The difference between IDT values calculated for original and time-randomized
catalogs is further highlighted in Fig. 7, where normed to the windows span
IDT values are presented. We see that in all cases normed-to-windows-span
IDTs are clearly smaller than for the original catalog
(6.59 × 10^{2}). It is interesting that in at least 30 % of
cases, IDTs calculated for randomized catalogs are more than 2 orders smaller
than IDT for the original catalog.

From this analysis two important conclusions can be drawn: (i) IDT value, calculated for the considered period of the southern California earthquake catalog, expresses the internal time distribution features of the original seismic process, and (ii) random-like earthquake time distributions lead to lower (closer to zero) IDT values comparing to the whole original catalog.

All above results obtained for simulated data sets as well as for the time distributions of earthquakes in the original catalog undoubtedly shows that the time distribution of earthquakes in southern California for the entire period should be regarded as a strongly nonrandom process (IDT is larger than for randomly distributed in time earthquakes).
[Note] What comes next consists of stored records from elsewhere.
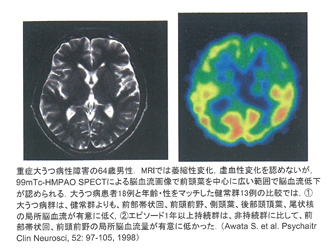 頭部MRIの写真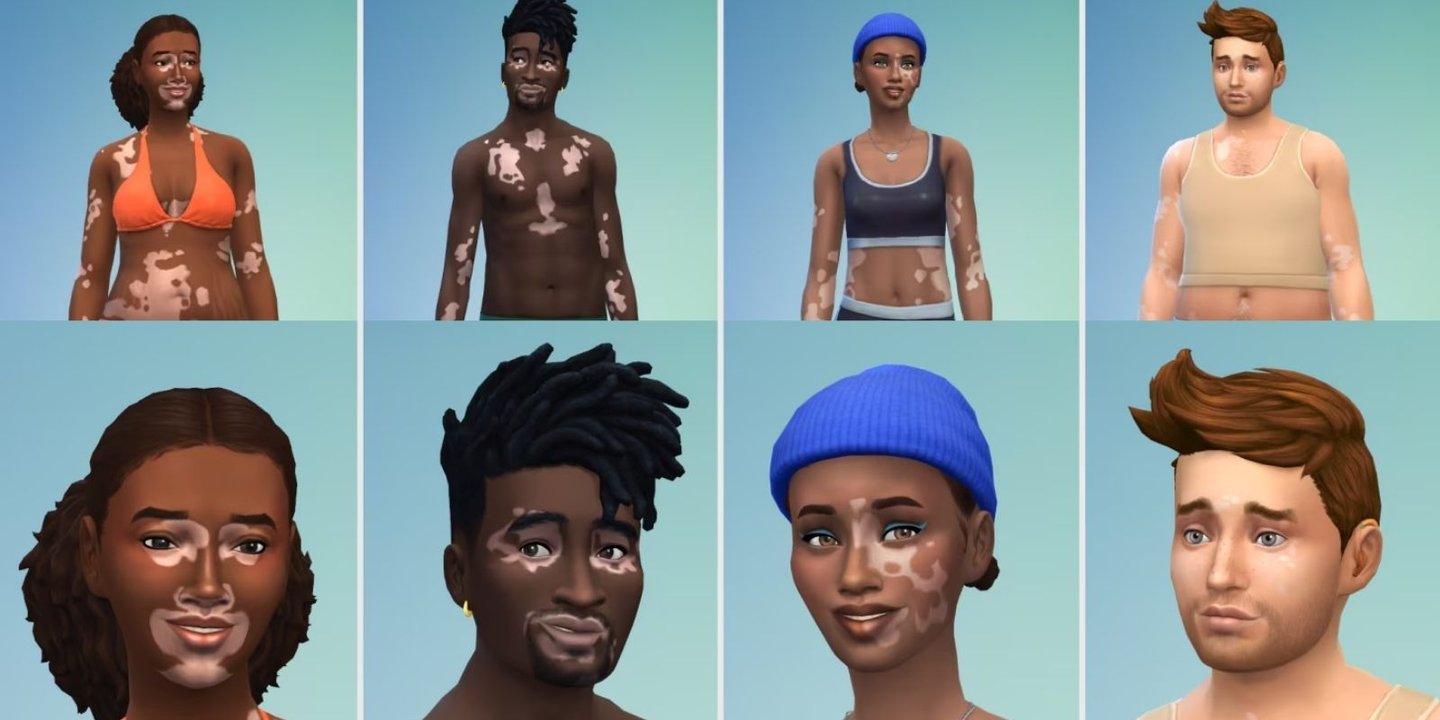 Sims 4'te Vitiligo Adıyla Yeni Güncelleme Duyuruldu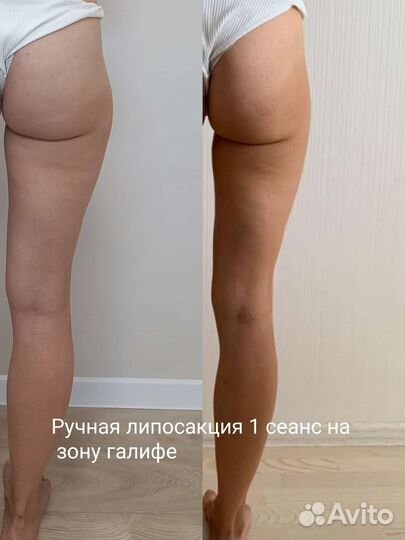 Массаж, ручная липосакция, устранение целлюлита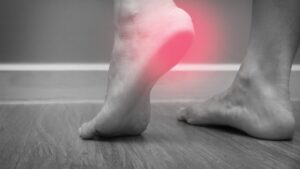 Topuk dikeni nedir? Topuk dikeni nasıl tedavi edilir?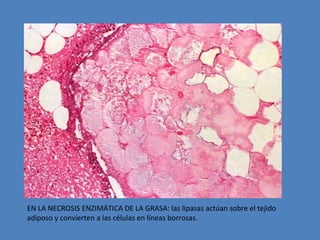EN LA NECROSIS ENZIMÁTICA DE LA GRASA: las lipasas actúan sobre el tejido 
adiposo y convierten a las células en líneas borrosas. 
 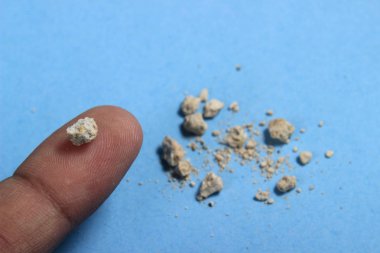 düz yatıyordu veya en iyi görünüm çok küçük Böbrek taşına parmak mavi arka plan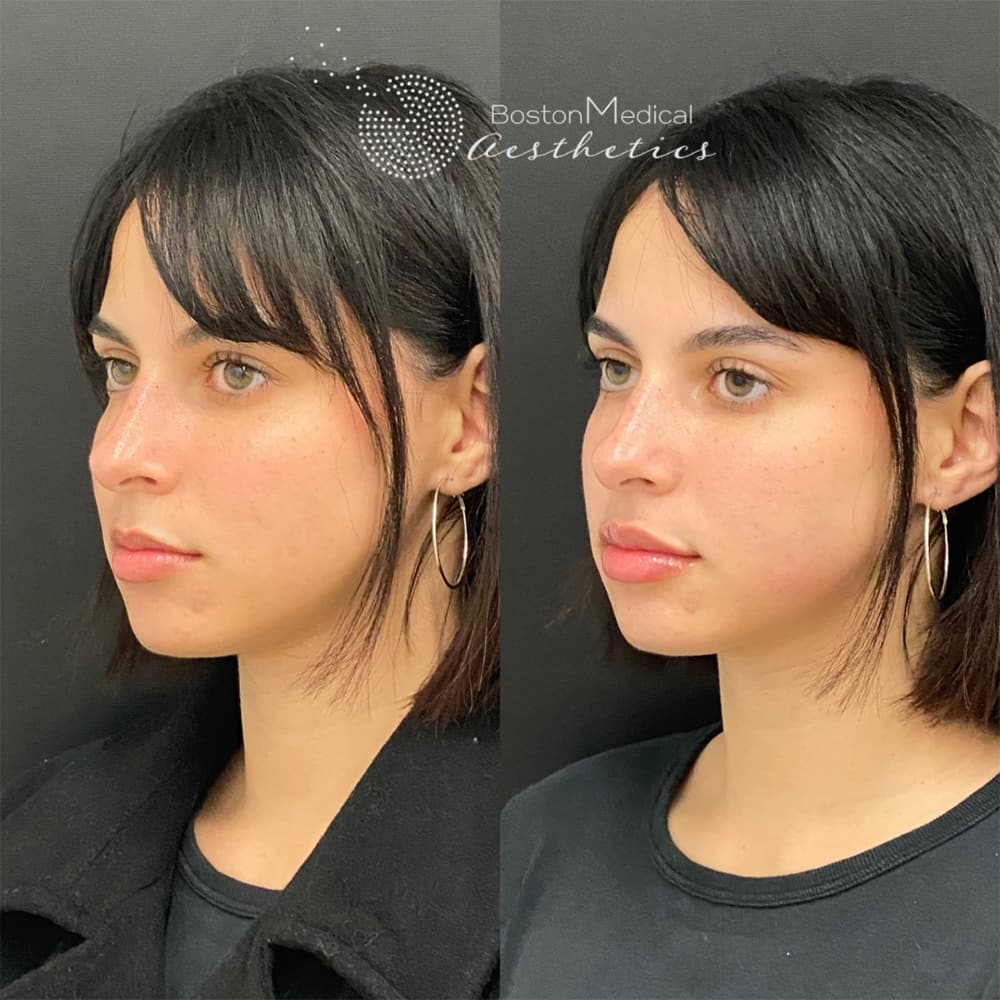 Lip fillers Before & After Image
Therefore, the result of this simple statistical analysis is in complete agreement with our earlier results, obtained by contemporary nonlinear data analysis methods, as well as with the results of similar analysis reported by other authors, which used different methodological approaches, see e.g., Goltz (1998), Matcharashvili et al. (2000, 2016), Abe and Suzuki (2004), Telesca et al. (2012), and Iliopoulos et al. (2012).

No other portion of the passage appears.